空気(断熱材)を暖めたり冷やしたりするのはエネルギーの無駄遣い
読者の皆さんの中には欧州を訪れた方も多いと思う。欧州には中世に作られた古城がたくさんある。これらの城を真冬に見学に訪れた方は気が付いた事と思うが、城内を案内されて回ると、客間、大広間、執務室、寝室がみんなだだっ広い割に結構暖い。中世の城にはエアコンは無い。暖房器具としてあるのは広い部屋の片隅にあるタイルでできた立派な「カッヘルオ―フン」である。これはたいてい部屋の隅にあり、焚口は壁を挟んだ部屋の向こう側に有り、たいてい台所である。焚口で薪を燃やし、その熱で料理を行ったり湯をわかしたりしている。その熱は壁を通って反対側のカッヘルオ―フンを暖める。カッヘルオ―フンは分厚い粘土で作られており、外側はセラミックのタイルで覆われている。このセラミックが遠赤外線を出して部屋中を輻射熱で暖めている。
我々が現在使っている冷暖房はエアコンである。エアコンは文字通り空気を暖めたり冷やしたりして部屋の温度を調整する。部屋は空気で満たされているので空気の温度を調整すれば快適になると言う考えであるが、空気は断熱材である。断熱材は熱を伝達しにくく、貯熱の効果も無い。90度のお湯には入れないが、90度のサウナには入れるのがその理由である。その空気を暖めたり冷やしたりするのは多大なエネルギーが必要である。

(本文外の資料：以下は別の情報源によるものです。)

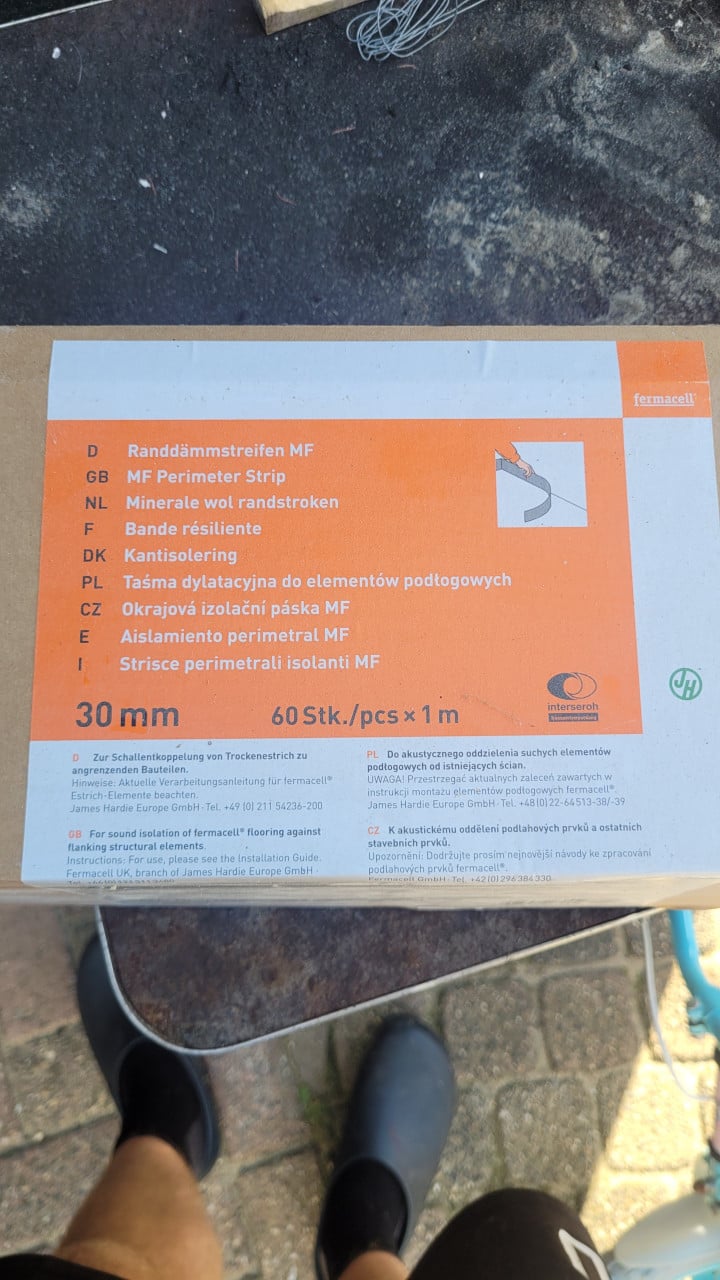 Fermacell randstroken 30x10
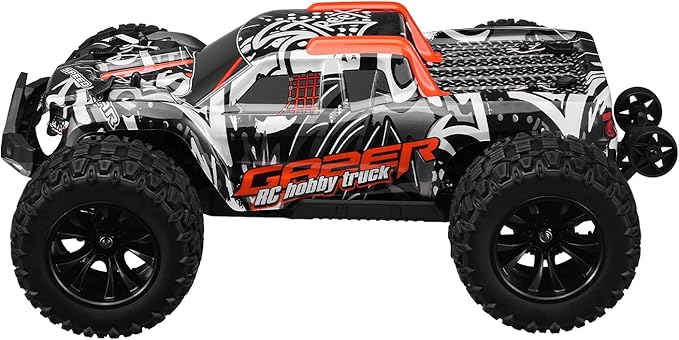 VEVOR Remote Control Car, 1:14 Scale RC for Kids, All Terrain 4WD Off-Road Monster Truck with 45 Wheelie & 2 Batteries, 38 km/h High Speed Hobby Racing - Ideal Gift for 8+ Years Kids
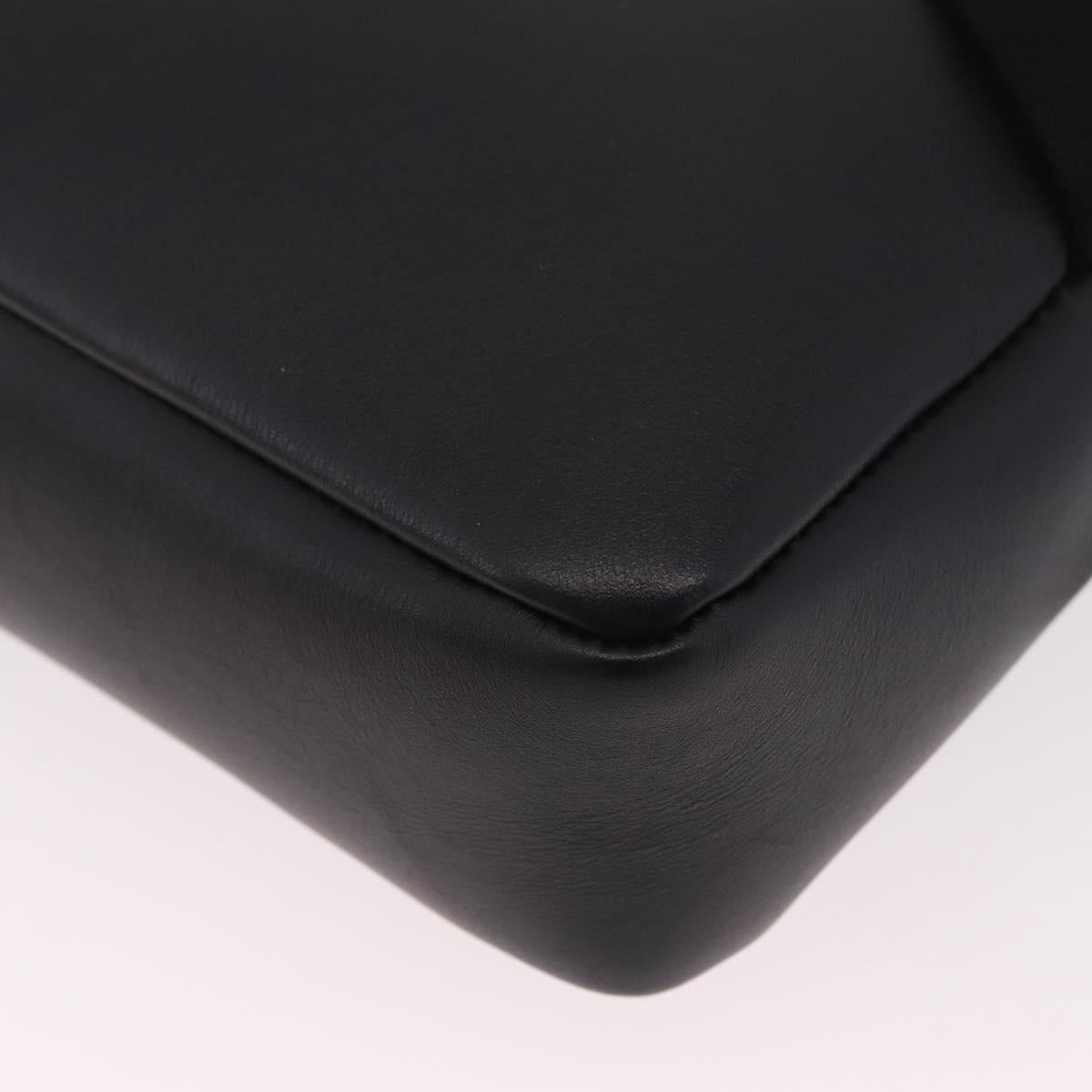 Bottega Veneta INTRECCIATO Body Bag Leather Black Auth 214800V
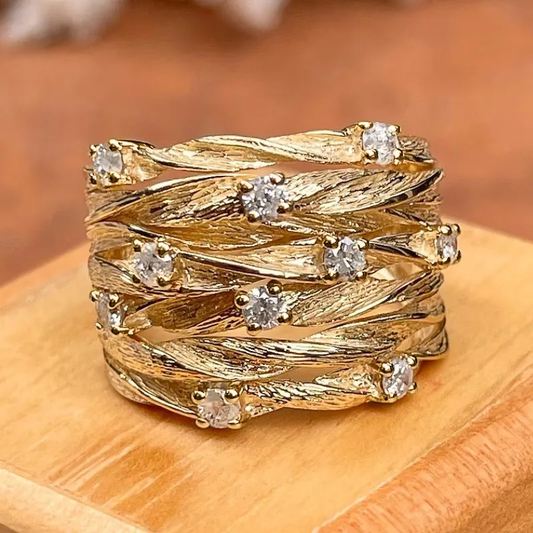 Anillo Dorado Vintage
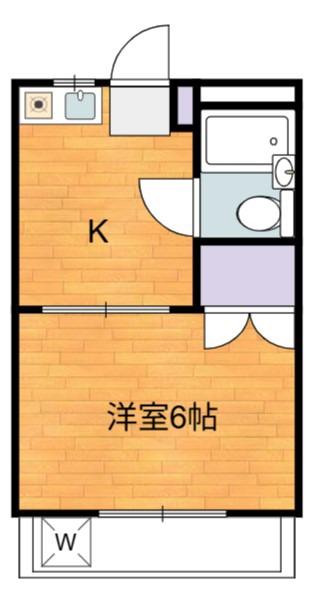 サンライズ大泉(1K/3階)の間取り写真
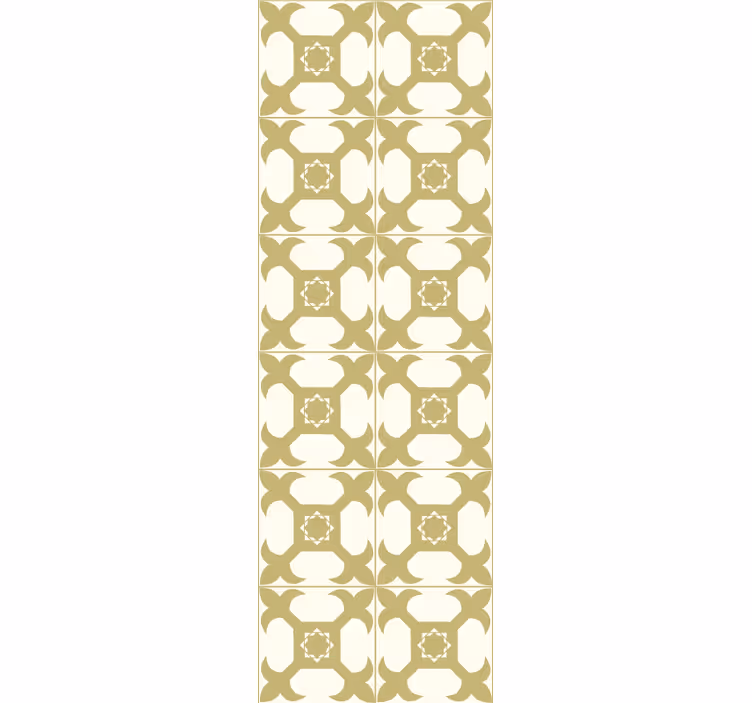 Lyst elegant flismønster tapet fliser - Tenstickers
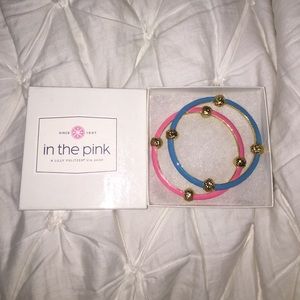 Lilly Pulitzer blue and pink bangles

カッヘルオ―フンは遠赤外線を輻射する。遠赤外線は光で可視光線の波長が長い赤色の外側に位置するので、遠赤外線と言われている。遠赤外線が皮膚に当ると、皮膚中の水分が運動を起こし発熱するので暖かく感じる。
中世の城で体験された方は覚えて居られると思うが、カッヘルオ―フンは意外と暖かいのである。室内の空気の温度が低くても体感温度は暖かい、快適な暖房である。エネルギーの消費はエアコンの半分以下である。料理に使った排熱の利用と考えれば、もっと効率は上がる。輻射熱冷暖房は今後発展すると思われる。